Data Fusion with GeoFIS

Introduction

This vignette illustrates the design of a Data Fusion system using the GeoFIS R package.

See Data fusion documentation for more details about concepts of data fusion.

The example is an agronomic case study detailed in “A fuzzy logic based soil chemical quality index for cacao” (Mora-Herrera et al. 2020).

library(GeoFIS)
#> Loading required package: sp
#> Loading required package: data.tree
#> Loading required package: FisPro

Loading data

The data fusion process accepts input dataset of class data.frame or Spatial*DataFrame of the sp R package.
Only the numeric attributes of the dataset can be used.

In this example we use the tolima dataset available in the GeoFIS R package (Mora-Herrera et al. 2020):

data(tolima)
fusion <- NewFusion(tolima)

The aggregation system

The aggregation system is built as a tree, based on the data.tree R package.

  • Each input of the system is a leaf of the tree.
  • Each node of the tree is an aggregation operation.
  • The root of the tree is the result of the aggregation system.

Each aggregation node can also be used as an input for another aggregation step, yielding a hierarchical structure.

Build inputs

The goal of this step is to turn raw data of individual information sources into satisfaction degrees.
The NewFusionInput function that builds an input leaf for the aggregation system takes 3 parameters:

  1. the input name
  2. the membership function (Mf) used to turn raw data into satisfaction degrees.
    several types of Mf are proposed in the FisPro R package.
    • NewMfTrapezoidalInf: low values are preferred.
    • NewMfTrapezoidalSup: high values are preferred.
    • NewMfTrapezoidal: around an interval.
    • NewMfTriangular: about a value.
  3. the name of the attribute in the input dataset (the default is the same as the input name).

Build aggregation nodes

The goal of this step is to summarize the inputs satisfaction degrees into a single one through an aggregation operator.

The NewFusionAggreg function that builds the aggregation node takes several parameters:

  1. the node name.
  2. the aggregation operator.
  3. the leafs / nodes used as inputs of the aggregation operator.

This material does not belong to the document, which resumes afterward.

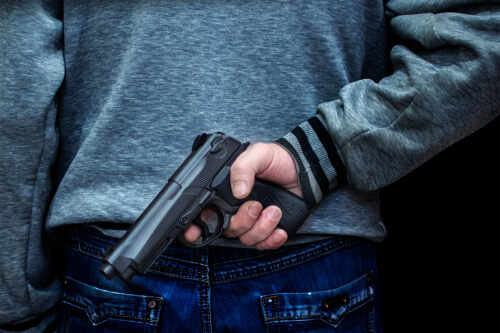 shutterstock_1218320311.jpg Person holding a handgun behind their back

In the GeoFIS R package, 4 aggregation operators are implemented:

Numerical operators

  • NewAggregWam build a WAM operator with the specified weights.
  • NewAggregOwa build an OWA operator with the specified weights.

Aggregation using linguistic rules

NewAggregFis build a linguistic rule-based operator based on a Fuzzy Inference System (Fis), a Fis object of FisPro R package.

The Fis can be built with the FisPro software or with the NewFisFusion function.

The NewFisFusion function helps to generate a Fis and take 5 parameters:

  1. the Fis name.
  2. the Fis inputs names.
  3. the granularity (number of Mf) for each Fis input, in range [2, 5].
    • with granularity = 2, the Mf labels are: “low”, “high”
    • with granularity = 3, the Mf labels are: “low”, “average”, “high”
    • with granularity = 4, the Mf labels are: “very_low”, “low”, “high”, “very_high”
    • with granularity = 5, the Mf labels are: “very_low”, “low”, “average”, “high”, “very_high”
  4. the Fis output name.
  5. the conclusions of the rulebase.
    the rule based is generated in the lexicographic order of inputs Mfs.
    • if the conclusions are a numeric vector, a FisOutCrisp output will be added to the Fis.
    • if the conclusions are a character vector, a FisOutFuzzy output will be added to the Fis.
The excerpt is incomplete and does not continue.